Nikmati berita interaktif dan LIVE report 24 jam hanya di TribunX
Tribun Bisnis

Putusan MK: Perumusan Kebijakan Pengupahan Wajib Libatkan Pemda

Putusan Mahkamah Konstitusi mewajibkan pelibatan Pemerintah Daerah dalam perumusan kebijakan pengupahan.

Penulis: Gita Irawan
Editor: Choirul Arifin
zoom-in Putusan MK: Perumusan Kebijakan Pengupahan Wajib Libatkan Pemda
Tribunnews/Gita Irawan
Hakim Konstitusi Saldi Isra ketika membacakan pertimbangan dalam sidang pengucapan putusan perkara uji materiil nomor 168/PUU/XXI/2024 tentang Undang-Undang Cipta Kerja dalam sidang di Gedung MK Jakarta, Kamis (31/10/2024) 

 

Laporan Wartawan Tribunnews.com, Gita Irawan

 

TRIBUNNEWS.COM, JAKARTA - Putusan Mahkamah Konstitusi dalam perkara uji materiil nomor 168/PUU/XXI/2024 tentang Undang-Undang Cipta Kerja yang diucapkan dalam sidang pada Kamis (31/10/2024) mewajibkan pelibatan Pemerintah Daerah dalam perumusan kebijakan pengupahan.

Para Pemohon sebelumnya mendalilkan Pasal 88 ayat (2) dalam Pasal 81 angka 27 UU 6/2023 tentang Cipta Kerja bertentangan dengan prinsip otonomi daerah sebagaimana diatur dalam Paaal 18 UUD NRI Tahun 1945.

Hal tersebut karena aturan itu hanya memberikan kewenangan penetapan kebijakan pengupahan kepada pemerintah pusat, dan menghilangkan peran pemerintah daerah dalam pengaturan upah minimum. 

Hakim Konstitusi Saldi Isra dalam pertimbangan yang diucapkannya saat sidang tersebut menjelaskan, menurut Mahkamah dengan mendasarkan pada UUD NRI Tahun 1955 telah ditegaskan bahwa pemerintah daerah tingkat provinsi dan kabupaten/kota mempunyai kewenangan dalam penyelenggaraan urusan pemerintagan menurut asas otomomi dan tugas pembantuan.

Berita Rekomendasi

Dalam konteks ini, lanjut Saldi, pemerintah daerah melakukan dua fungsi sekaligus, yaitu fungsi mengatur/mengurus dirinya sendiri serta fungsi sebagai kepanjangan tangan Pemerintah Pusat dalam konteks tugas pembantuan sebagaimana diatur dalam Pasal 18 ayat (2) dan Pasal 18 ayat (5) UUD NRI Tahun 1945.
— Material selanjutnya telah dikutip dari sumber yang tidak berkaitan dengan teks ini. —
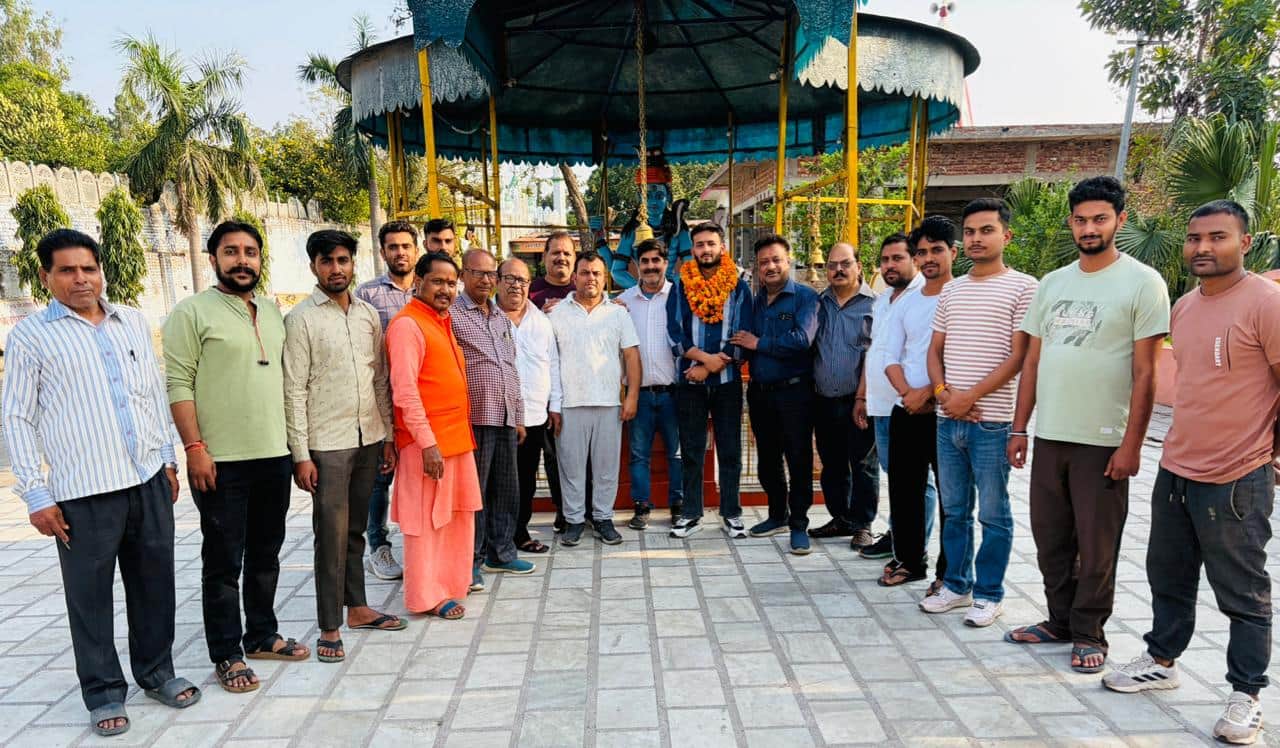 बडा महादेव मंदिर में मनोनीत सभासद का सम्मान करते हुए। (स्त्रोत कमैटी) मवाना।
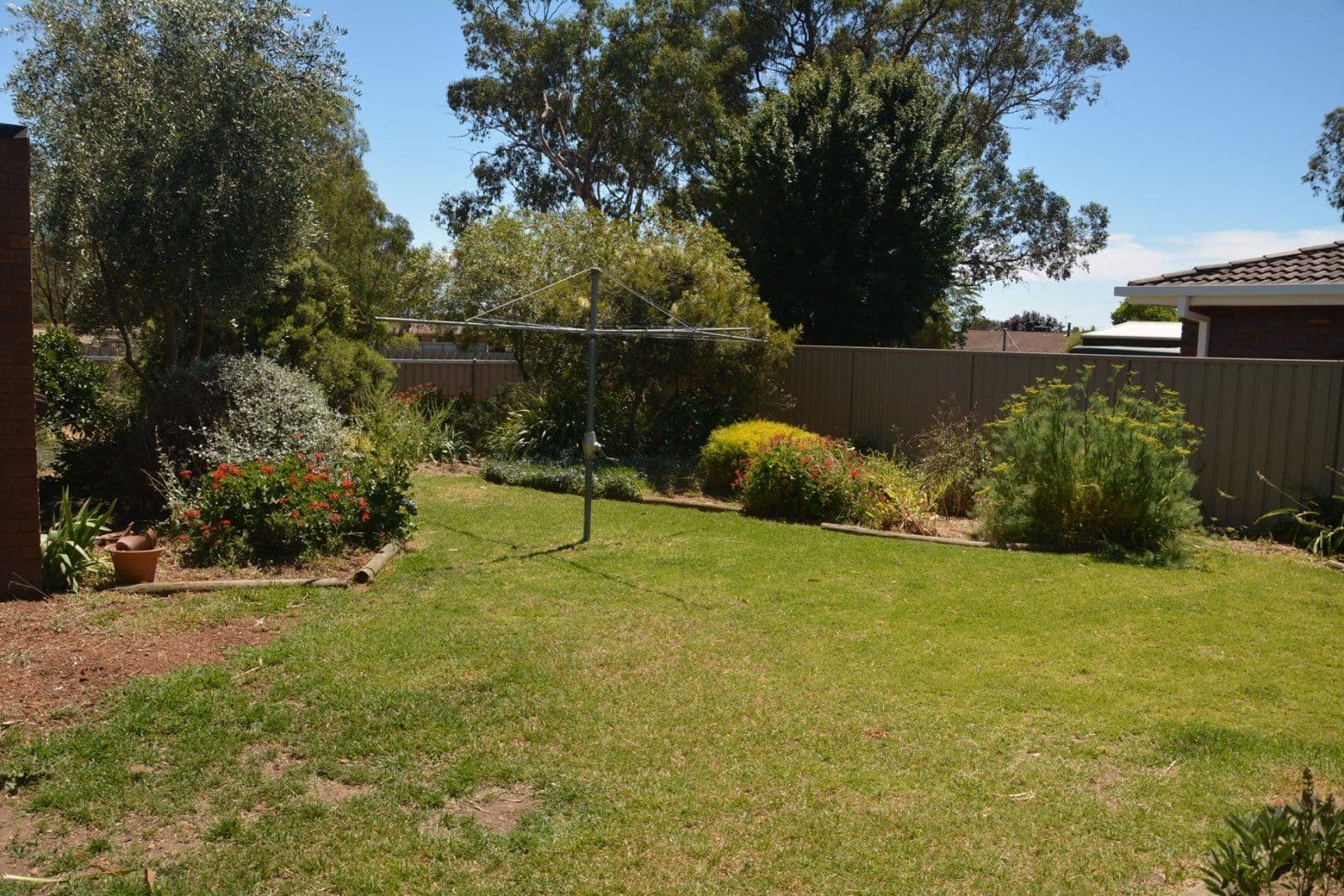 16 Bandera Avenue, GLENFIELD PARK NSW 2650, Glenfield Park - Thumbnail 7
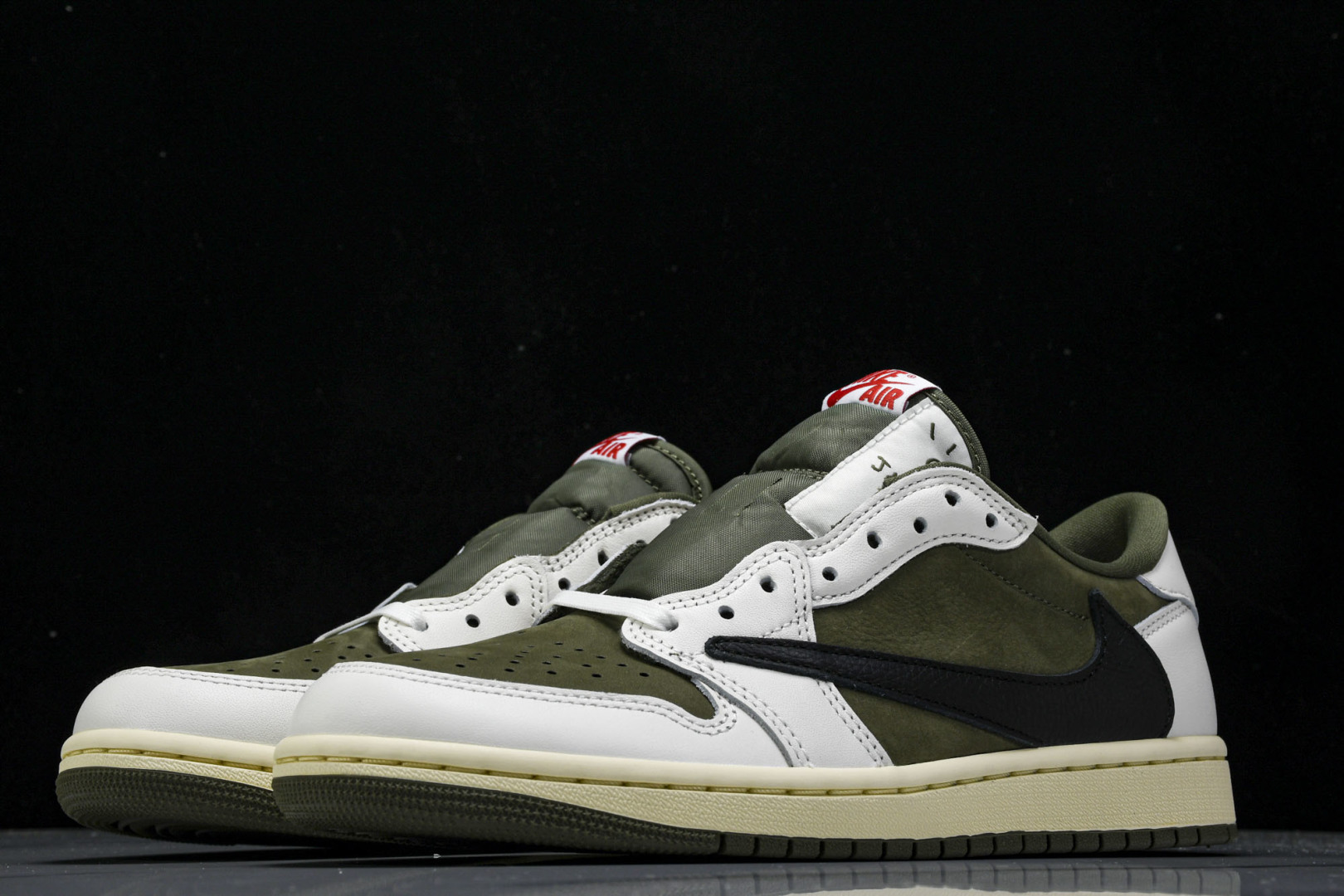 AJ1 Low 尺码36-48.5

纯原出品-Travis Scott x Air Jordan 1 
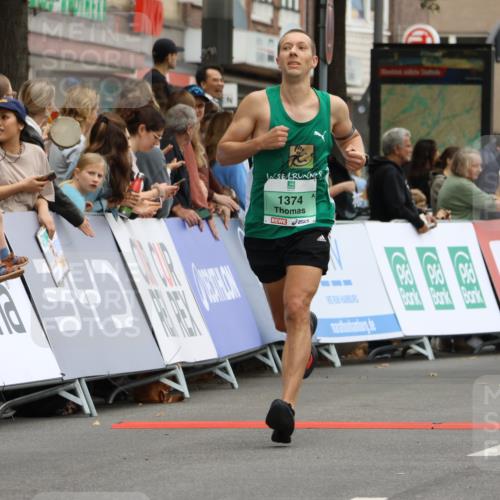 21.09.2025 - PSD Bank Halbmarathon Strokosch-Dieckow http://msf.ph/oto/8943322 21.09.2025 11:38:02 Ziel 1374, 1928, 3916, 3922 meine-sportfotos.de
Namun demikian, lanjutnya, cakupan otonomi daerah bukanlah tanpa batas. 

Dalam konteks negara kesatuan, UUD NRI Tahun 1945 memberikan batasan-batasan terhadap sifat dan cakupan otonomi tersebut.

Di mana dalam Pasal 18 ayat (5) UUD NRI Tahun 1945, sambungnya, menegaskan pembatasan tersebut berupa "kecuali urusan pemerintahan yang oleh undang-undang ditentukan sebagai urusan Pemerintah Pusat".

Ketentuan Pasal 18 ayat (5) UUD NRI Tahun 1945 tersebut, ucapnya, menunjukkan bahwa kewenangan pemerintah dalam penyelenggaraan urusan serta pembagian urusan dimaksud antara Pemerintah Pusat dengan Pemerintah Daerah harus diatur dalam undang-undang.

Dalam kaitan ini, kata Saldi, pembentuk undang-undang telah menentukan kewenangan absolut pemerintah pusat dan kewenangan yang dalam penyelenggaraannya dapat dibagi antara pusat dan daerah dengan mendasarkan pada sistem negara kesatuan (urusan konkuren). 

Baca juga: DPR Segera Bahas Putusan MK yang Perintahkan Kluster Ketenagakerjaan Dicabut dari UU Cipta Kerja

Merujuk Pasal 13 Undang-Undang Nomor 23 Tahun 2014 tentang Pemerintahan Daerah, kata Saldi, pembagian urusan konkuren tersebut didasarkan pada prinsip akuntabilitas, efisiensi, eksternalitas, dan kepentingan strategis nasional .

Berkenaan dengan urusan ketenagakerjaan, lanjutnya, jika dibaca secara seksama UU 14/2003 dan perubahannya dalam UU Cipta Kerja, telah menentukan bahwa pemerintah daerah diberikan beberapa urusan terkait dengan ketenagakerjaan, antara lain pengaturan mengenai kewenangan pemerintah pusat dan/atau pemerintah daerah dalam pembinaan pelatihan kerja dan pemagangan.

Selain itu juga pengaturan mengenai kewenangan pemerintah pusat atau pemerintag daerah untuk mengenakan sanksi admonisttatif atas pelanggaran ketentuan-ketentuan yang diatur dalam UU tersebut.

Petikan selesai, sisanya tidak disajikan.